Sonny Smith is an old San Francisco friend I hadn’t spoken to in fifteen years. Here’s what Mother Jones had to say about his new album:
“On his own, or as leader of Sonny and the Sunsets, the engaging Sonny Smith specializes in finely observed vignettes about everyday people that showcase his wry, slackerish voice. For all its rough edges, though, there’s nothing casual about his scruffy garage pop, which tempers a streak of melancholy with offhand, self-aware wit. Produced by Black Keys frontman Dan Auerbach (who knows a thing or two about making eccentricity accessible), Rod for Your Love is Smith’s most commercial effort yet—it’s all relative—boasting a brighter sound and sunnier vibe than before. Witness the jaunty, toe-tapping optimism of the irresistible “Lost,” where he chirps, “I know the way this time,” or the romantic drama “Burnin’ Up,” featuring Angel Olsen’s tangy harmonies. While Smith may never top the charts, he’s never been more entertaining or more deserving of mainstream attention.”

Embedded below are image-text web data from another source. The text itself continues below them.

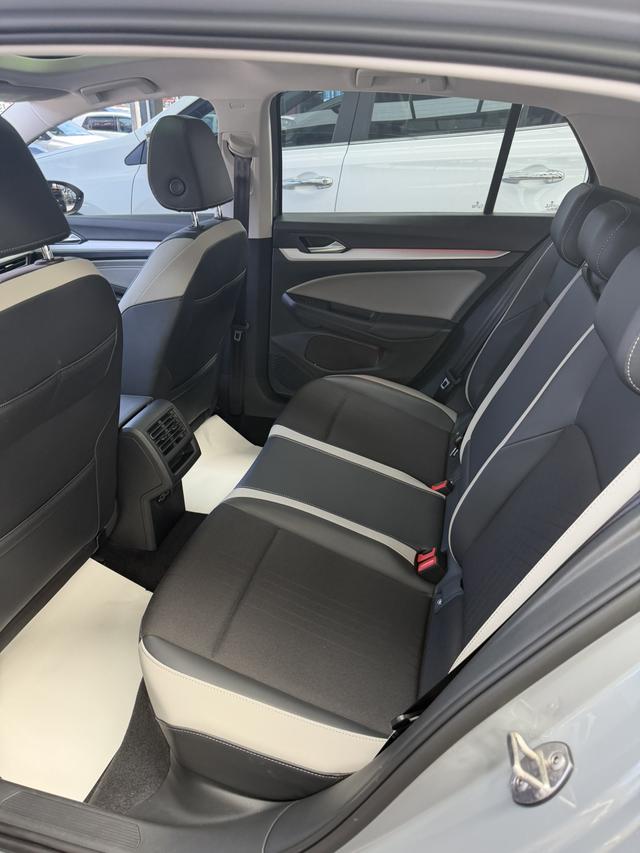 Volkswagen Golf 2021, фото 15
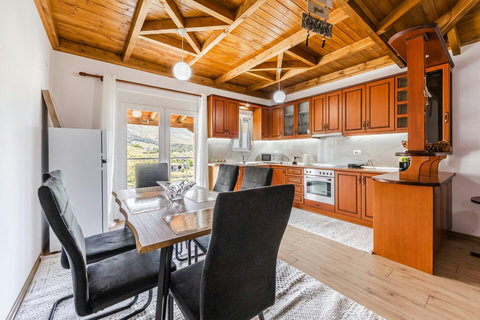 Dining area and fully-equipped kitchen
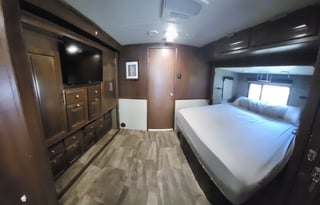 Perfect for Families! 38' Forest River Georgetown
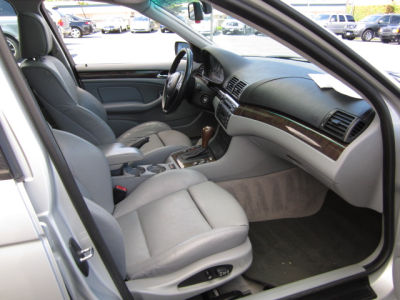 2001 BMW 325  i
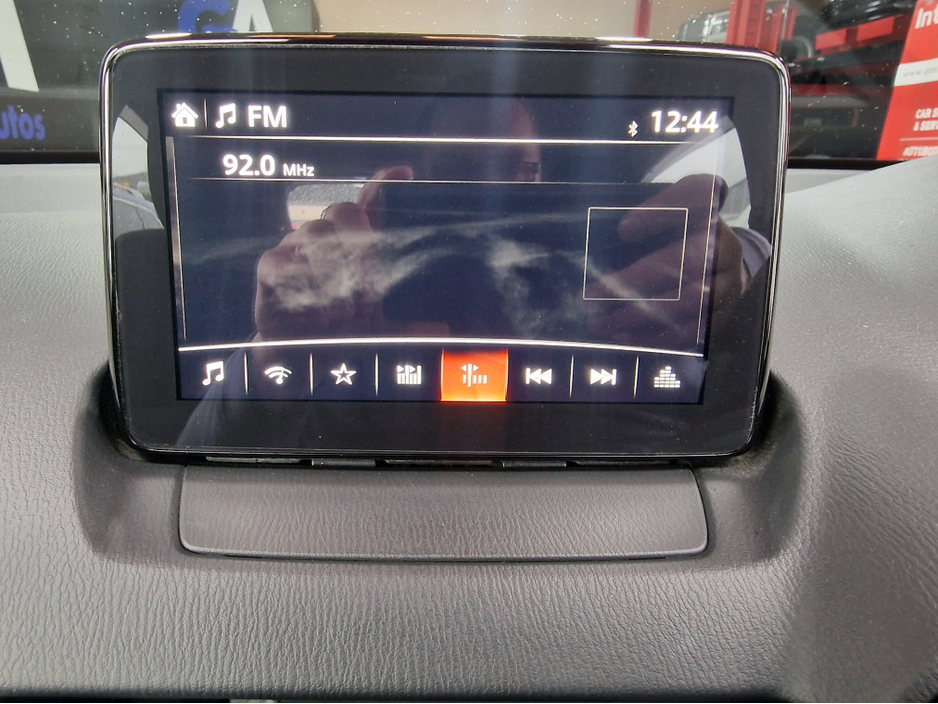 2017 Mazda Mazda2 - image 22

We talked about flying to Nashville to be produced by a rock star (and guests Pat Sansome of Wilco and Angel Olsen), and about then deciding to head home and onto his next projects instead of hitting the road to promote that album. We traded Robyn Hitchcock and Spalding Gray stories. We went into the tough decisions artists need to make regarding creative living versus promoting a creative life. To name just a few topics. We had a lot of fun reconnecting. Or at least I did. I think we both did.
We mention a few names and places. Virgil = Virgil Shaw, Kelly = Kelly Stoltz, Atom = Atom Ellis, and the Make Out Room is a bar I used to work at and he used to play at in the Misison in SF.